Importing MS Excel spreadsheets

The xlsImport command copies the data from a Microsoft Excel spreadsheet (XLS file) to a table in a database.

Syntax:

xlsImport(file, [alias.]table[, hasHeader = 0 | 1][, sheetNumber = N])
  • file - the name of the XLS file

  • alias - an alias to the database

  • table - the name of thr table to be created

  • hasHeader - 1 if the first row in the CSV file contains column names, 0 otherwise. Default : 1

  • sheetNumber - the number of the sheet from which the data will be read. Default : 0 (the first sheet).

Importing CSV files

The csvImport command copies the data from a CSV file to a table in database.

Syntax:

csvImport(file, alias.table[, hasHeader = 0 | 1][, rowsToAnalyze = n]
[,textSeparator = c][, separator = c][, breakOnError = 0 | 1][, deleteTable = 0 | 1]
columnNames = [s1, s2, ... ], dateFormat = s | { n1 : s1, n2 : s2, ... },
[,decimalSeparator = c][, columnType = {n1 : t1, n2 : t2, ... }]
[,language = aa | ab | af | am | ... ][, quotedString = 0 | 1]
[,encoding = "UTF-8" | "UTF-16" | ... ][, skipErroneous = 0 | 1]
[,newLinesAllowed = 0 | 1][, lineConverter = converterObject.converterMethod] )
  • file - the name of the CSV file

  • alias - an alias to the database

  • table - the name of thr table to be created

  • hasHeader - 1 if the first row in the CSV file contains column names, 0 otherwise.
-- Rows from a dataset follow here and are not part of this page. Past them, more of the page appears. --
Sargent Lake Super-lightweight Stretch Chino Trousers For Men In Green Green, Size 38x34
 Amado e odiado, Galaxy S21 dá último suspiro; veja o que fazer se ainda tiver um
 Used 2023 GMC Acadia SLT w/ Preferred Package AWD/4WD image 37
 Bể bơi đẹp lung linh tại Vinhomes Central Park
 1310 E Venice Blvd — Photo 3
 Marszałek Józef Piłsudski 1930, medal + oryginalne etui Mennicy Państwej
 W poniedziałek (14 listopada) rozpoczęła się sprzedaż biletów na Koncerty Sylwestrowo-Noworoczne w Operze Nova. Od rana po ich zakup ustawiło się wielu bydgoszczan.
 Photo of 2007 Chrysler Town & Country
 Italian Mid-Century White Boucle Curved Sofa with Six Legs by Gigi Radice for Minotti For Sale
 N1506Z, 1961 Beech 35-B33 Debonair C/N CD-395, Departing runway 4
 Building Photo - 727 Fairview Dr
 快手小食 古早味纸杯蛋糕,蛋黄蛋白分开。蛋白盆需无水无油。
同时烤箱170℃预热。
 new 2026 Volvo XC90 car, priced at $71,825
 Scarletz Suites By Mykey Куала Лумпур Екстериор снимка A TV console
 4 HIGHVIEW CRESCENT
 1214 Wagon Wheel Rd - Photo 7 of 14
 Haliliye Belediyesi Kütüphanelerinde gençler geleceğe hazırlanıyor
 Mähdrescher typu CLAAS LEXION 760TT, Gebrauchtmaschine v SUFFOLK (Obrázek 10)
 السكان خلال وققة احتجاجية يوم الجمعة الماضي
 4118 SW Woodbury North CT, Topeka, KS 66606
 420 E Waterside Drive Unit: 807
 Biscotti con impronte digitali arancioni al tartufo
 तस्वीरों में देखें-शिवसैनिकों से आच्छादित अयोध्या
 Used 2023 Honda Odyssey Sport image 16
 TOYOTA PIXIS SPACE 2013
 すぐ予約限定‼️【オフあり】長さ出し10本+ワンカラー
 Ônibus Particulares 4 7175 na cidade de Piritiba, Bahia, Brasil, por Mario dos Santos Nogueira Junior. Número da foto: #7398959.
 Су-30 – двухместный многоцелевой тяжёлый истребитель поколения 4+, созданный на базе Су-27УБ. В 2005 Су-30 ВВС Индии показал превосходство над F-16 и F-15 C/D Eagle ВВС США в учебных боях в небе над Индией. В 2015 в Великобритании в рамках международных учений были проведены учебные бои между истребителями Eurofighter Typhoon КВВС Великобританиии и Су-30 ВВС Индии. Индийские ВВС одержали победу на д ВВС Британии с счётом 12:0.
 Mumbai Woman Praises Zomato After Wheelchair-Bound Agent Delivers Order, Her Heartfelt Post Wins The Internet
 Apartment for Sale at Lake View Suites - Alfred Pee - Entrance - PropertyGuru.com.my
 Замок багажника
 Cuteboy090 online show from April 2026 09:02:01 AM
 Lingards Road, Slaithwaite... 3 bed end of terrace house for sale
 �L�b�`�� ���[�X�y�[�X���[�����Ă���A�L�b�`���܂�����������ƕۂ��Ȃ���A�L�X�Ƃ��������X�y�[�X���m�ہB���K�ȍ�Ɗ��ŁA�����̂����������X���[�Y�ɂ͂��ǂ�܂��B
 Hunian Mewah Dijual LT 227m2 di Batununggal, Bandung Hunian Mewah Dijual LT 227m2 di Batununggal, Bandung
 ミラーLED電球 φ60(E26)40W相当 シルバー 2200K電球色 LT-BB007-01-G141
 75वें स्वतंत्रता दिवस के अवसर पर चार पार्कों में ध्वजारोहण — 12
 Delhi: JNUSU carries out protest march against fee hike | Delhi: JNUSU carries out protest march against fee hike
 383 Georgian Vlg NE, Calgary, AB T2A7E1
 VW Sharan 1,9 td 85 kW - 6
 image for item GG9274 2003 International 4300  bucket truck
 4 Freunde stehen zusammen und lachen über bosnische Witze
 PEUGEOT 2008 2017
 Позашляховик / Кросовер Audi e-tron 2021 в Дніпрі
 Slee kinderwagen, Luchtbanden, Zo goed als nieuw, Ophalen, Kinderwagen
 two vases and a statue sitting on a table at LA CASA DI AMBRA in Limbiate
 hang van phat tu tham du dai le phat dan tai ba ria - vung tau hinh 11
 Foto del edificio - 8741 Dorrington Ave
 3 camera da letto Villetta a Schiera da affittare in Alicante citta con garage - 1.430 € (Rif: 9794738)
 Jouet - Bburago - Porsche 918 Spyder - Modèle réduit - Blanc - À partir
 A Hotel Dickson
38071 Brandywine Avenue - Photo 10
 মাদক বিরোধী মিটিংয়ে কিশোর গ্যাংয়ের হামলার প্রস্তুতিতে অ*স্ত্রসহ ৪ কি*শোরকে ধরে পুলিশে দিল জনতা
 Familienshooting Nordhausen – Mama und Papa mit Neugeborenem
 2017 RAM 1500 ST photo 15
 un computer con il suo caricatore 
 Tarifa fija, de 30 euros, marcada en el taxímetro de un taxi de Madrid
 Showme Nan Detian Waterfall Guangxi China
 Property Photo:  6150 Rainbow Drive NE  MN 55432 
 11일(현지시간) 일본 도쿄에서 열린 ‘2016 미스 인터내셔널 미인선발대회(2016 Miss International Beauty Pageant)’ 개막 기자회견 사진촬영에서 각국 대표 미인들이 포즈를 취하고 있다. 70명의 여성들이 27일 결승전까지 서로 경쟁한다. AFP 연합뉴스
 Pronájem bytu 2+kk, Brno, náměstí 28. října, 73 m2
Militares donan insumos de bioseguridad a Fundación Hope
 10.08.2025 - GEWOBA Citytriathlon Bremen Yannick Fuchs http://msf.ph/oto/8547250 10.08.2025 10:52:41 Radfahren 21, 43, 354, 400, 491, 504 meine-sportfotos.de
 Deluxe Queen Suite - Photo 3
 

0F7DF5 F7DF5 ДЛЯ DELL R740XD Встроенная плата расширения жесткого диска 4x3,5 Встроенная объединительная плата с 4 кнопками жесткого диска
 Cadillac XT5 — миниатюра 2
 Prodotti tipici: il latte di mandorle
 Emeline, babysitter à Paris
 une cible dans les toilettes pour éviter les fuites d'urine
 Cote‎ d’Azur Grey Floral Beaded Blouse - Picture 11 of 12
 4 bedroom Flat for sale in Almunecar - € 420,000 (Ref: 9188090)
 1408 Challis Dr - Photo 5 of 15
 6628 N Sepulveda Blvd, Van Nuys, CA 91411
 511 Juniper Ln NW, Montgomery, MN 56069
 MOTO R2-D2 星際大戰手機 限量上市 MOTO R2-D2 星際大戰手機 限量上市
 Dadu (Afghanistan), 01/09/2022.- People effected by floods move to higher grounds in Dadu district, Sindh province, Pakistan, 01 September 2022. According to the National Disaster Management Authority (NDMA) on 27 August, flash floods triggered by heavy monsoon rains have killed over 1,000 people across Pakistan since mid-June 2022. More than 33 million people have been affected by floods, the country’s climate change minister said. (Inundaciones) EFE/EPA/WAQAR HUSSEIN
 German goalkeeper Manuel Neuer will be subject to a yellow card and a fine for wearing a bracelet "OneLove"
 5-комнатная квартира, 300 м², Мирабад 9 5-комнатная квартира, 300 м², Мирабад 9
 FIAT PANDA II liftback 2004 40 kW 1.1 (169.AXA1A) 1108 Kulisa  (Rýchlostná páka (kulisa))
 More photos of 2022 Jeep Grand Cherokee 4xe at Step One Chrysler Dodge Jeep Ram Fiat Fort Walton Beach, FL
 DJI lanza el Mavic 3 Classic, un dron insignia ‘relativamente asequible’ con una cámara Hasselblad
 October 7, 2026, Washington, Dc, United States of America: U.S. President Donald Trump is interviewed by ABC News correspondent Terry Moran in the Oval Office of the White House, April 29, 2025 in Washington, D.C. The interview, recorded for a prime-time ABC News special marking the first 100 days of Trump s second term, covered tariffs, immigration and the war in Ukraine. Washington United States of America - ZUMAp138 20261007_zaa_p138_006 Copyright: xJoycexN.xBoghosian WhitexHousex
Default : 1

  • rowsToAnalyze - the number of rows to analyze for determining column type. If all rows are analyzed, loading the data may take up to twice as long as in the case when only the first row is analyzed. Default : all rows.

  • textSeparator - the character that separates text entries. Default : '"' (double quote), textSeperator=None is equivalent to textSeparator="".

  • separator - the character that separates consecutive columns. Default : ',' (comma)

  • breakOnError - if 1, import stops when an error occurs. Default: 1.

  • deleteTable - if 1, any existing table with the same name will be overwritten. The value 0 throws an exception if the output table already exists. Default : 0

  • prefix - prefix for automatically generated column names. Default : "column".

  • columnNames - the names of all columns in the file.

  • dateFormat - format of a date entries in the imported table. A single format can be specified for all date entries in the table, or every column may have a different format - in this case n1, n2, ... is a 1-based column index. The syntax of date format can be found at http://download.oracle.com/javase/6/docs/api/java/text/SimpleDateFormat.html. By default, the following formats are tried: "yyyy-MM-dd", "yyyy.MM.dd", "yyyy/MM/dd", "dd-MM-yyyy", "dd.MM.yyyy", "dd/MM/yyyy". The string in the imported table must match the declared (or default, if declared was not specified) format perfectly to be interpreted as a date entry.

  • language - Define language to interprate date fields (for instance in date format like "ddMMMyyy"). Two-letter lower-case symbols are used (ISO 639). This parameter can be set for each column in form of string (i.e. "aa | ab | af | am") or as a dictionary (i.e. {1:'aa', 2:'af' }). For more information about language codes see the Language Codes appendix.

  • decimalSeparator - the character used as the decimal separator. Default: '.'

  • columnType - the type of a column - n1, n2, ... is a 1-based column index, t1, t2, ... can be: LONGVARCHAR, DOUBLE or DATE. By default column types are determined automatically.

  • quotedAsString - if 1, numerical values in quotes are interpreted as strings. Default: 0.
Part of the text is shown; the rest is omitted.